Exercise prompt -
An exact copy of the data below is needed; please leave out any pictures.

Data block -
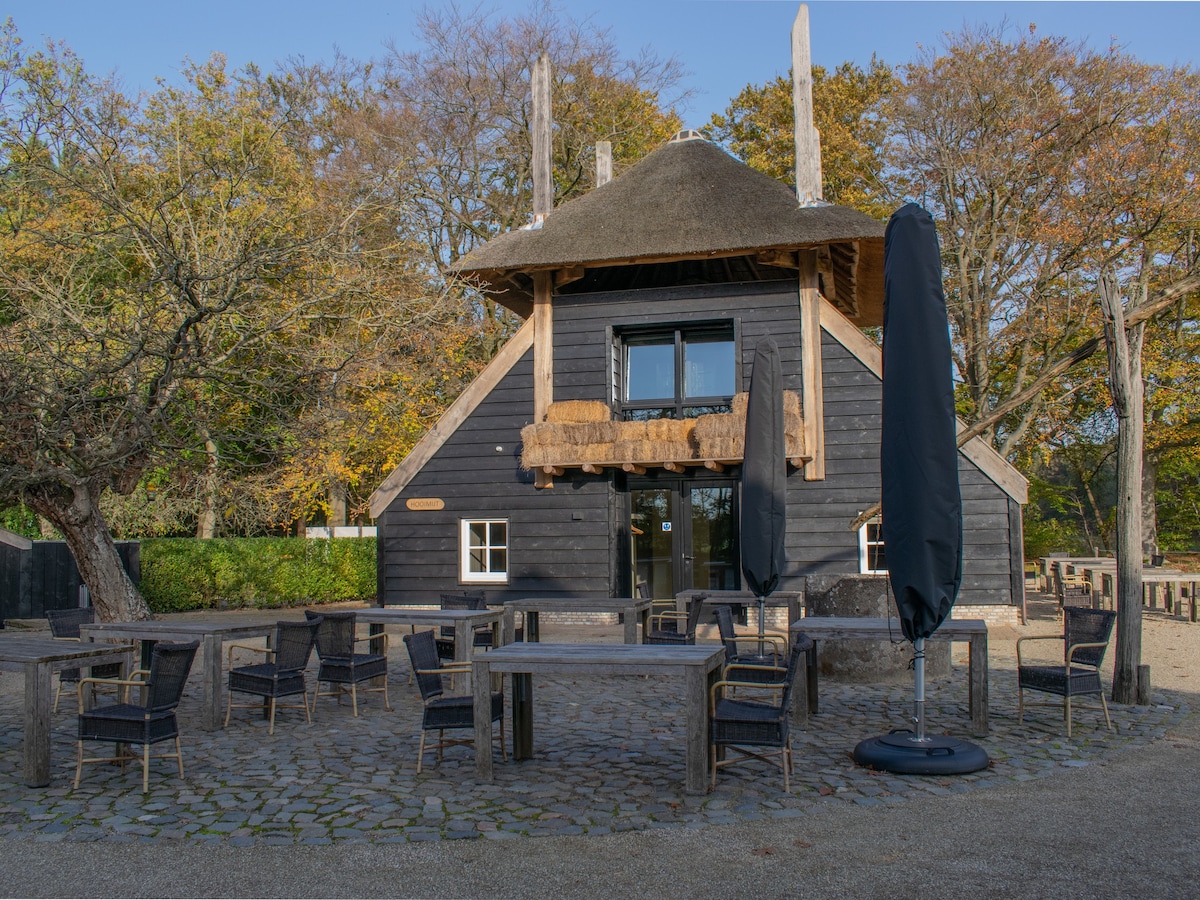 Luxury accommodation at the edge of the forest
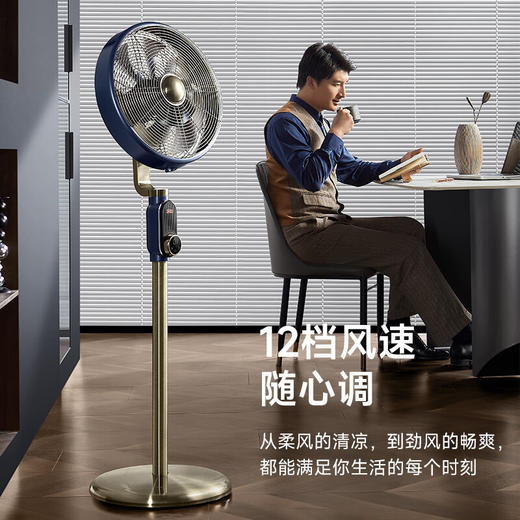 先锋复古扇DLD-M9（DD2506R） 商品图1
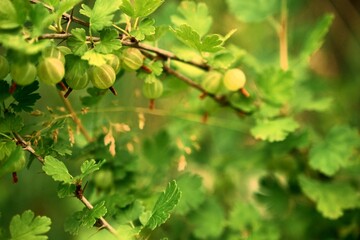 Branches with ripe gooseberries. Beautiful amber summer fruits. File 3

Task answer -
 Luxury accommodation at the edge of the forest
 先锋复古扇DLD-M9（DD2506R） 商品图1
 Branches with ripe gooseberries. Beautiful amber summer fruits. File 3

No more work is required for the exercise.